I feel the same way about the two films, Hobnob. Somehow I think of TTI as a pure disaster movie and possibly the best ever, while Airport was more of a drama, albeit an excellent one.
In his autobiography, Paul Picerni, who played the doctor in Airport, said that Burt Lancaster, the leading star of the film, helped Picerni get the role by calling the producer. Picerni said that in the first rehearsal of his part, after Jacqueline Bisset is severely injured in the explosion, Picerni attended her and the first thing he did was to open Jacqueline's blouse to feel her heart. Jacqueline (who was well endowed) asked Paul if he was a real doctor. The director, George Seaton, replied: "Yea! He got all his training at Warner Brothers." (lol)
Hi manage. Yeah, I never truly thought of Airport as a "disaster movie" in the sense that things like The Poseidon Adventure, The Towering Inferno, Earthquake and some others were. Possibly this is because the term wasn't used until those other films came out in later years.

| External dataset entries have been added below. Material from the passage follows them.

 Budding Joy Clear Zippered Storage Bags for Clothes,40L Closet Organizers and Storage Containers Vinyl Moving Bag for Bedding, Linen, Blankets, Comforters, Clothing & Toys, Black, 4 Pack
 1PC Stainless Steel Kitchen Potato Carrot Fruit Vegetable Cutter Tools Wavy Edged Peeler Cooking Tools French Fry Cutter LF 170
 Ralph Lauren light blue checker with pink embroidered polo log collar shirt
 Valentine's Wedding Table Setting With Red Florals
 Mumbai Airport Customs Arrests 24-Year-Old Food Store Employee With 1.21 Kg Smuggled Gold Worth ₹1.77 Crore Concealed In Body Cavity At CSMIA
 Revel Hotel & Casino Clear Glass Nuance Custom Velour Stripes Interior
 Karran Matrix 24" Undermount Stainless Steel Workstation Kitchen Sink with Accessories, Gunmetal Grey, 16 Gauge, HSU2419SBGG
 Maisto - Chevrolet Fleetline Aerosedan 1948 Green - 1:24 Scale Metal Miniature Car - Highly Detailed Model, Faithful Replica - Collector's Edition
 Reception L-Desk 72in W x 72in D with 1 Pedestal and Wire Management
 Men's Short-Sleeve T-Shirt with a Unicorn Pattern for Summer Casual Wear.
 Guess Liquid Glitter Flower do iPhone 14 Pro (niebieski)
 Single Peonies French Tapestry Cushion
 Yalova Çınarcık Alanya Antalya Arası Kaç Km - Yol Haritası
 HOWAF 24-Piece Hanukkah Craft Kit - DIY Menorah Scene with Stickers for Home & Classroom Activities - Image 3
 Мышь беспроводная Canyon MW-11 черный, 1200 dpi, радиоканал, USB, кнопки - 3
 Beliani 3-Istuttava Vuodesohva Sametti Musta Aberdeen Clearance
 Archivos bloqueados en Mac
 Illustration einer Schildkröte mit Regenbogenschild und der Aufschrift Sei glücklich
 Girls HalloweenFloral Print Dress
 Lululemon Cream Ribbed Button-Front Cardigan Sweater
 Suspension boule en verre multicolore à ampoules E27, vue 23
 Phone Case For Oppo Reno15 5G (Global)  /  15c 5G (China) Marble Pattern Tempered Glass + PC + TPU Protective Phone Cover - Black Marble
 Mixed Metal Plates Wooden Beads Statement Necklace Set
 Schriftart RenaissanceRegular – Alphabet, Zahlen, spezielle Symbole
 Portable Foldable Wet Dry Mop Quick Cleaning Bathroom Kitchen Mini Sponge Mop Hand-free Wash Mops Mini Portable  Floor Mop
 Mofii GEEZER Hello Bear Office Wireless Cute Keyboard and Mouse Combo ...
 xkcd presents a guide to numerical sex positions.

The Airport sequels, poor as they generally were, were more accurately disaster films in my opinion, as one commonly thinks of them. But I guess Airport does qualify as a disaster movie.
Great story about Paul Picerni. His sons and grandsons became stunt people in Hollywood. Three of them worked on Die Hard, for example. You can also hear his voice off-screen in a couple of early 50s WB films, such as Hitchcock's I Confess. After Montgomery Clift is acquitted of murder and walks out of the courthouse out to the street, you hear a disembodied voice in the courtroom call out "Take off that collar!" (Clift played a priest falsely accused of murder). A few moments later, out on the street, that same unseen voice shouts, "Preach us a sermon, Logan!" Paul Picerni, unmistakably.
George Seaton took over as director of Airport after the first director, Henry Hathaway, left the production. Knowing his reputation for coarseness and gruffness, I can imagine what Hathaway would have said about Picerni's roving hand!
Definitely felt the connection while watching "Airport" tonight for the first time.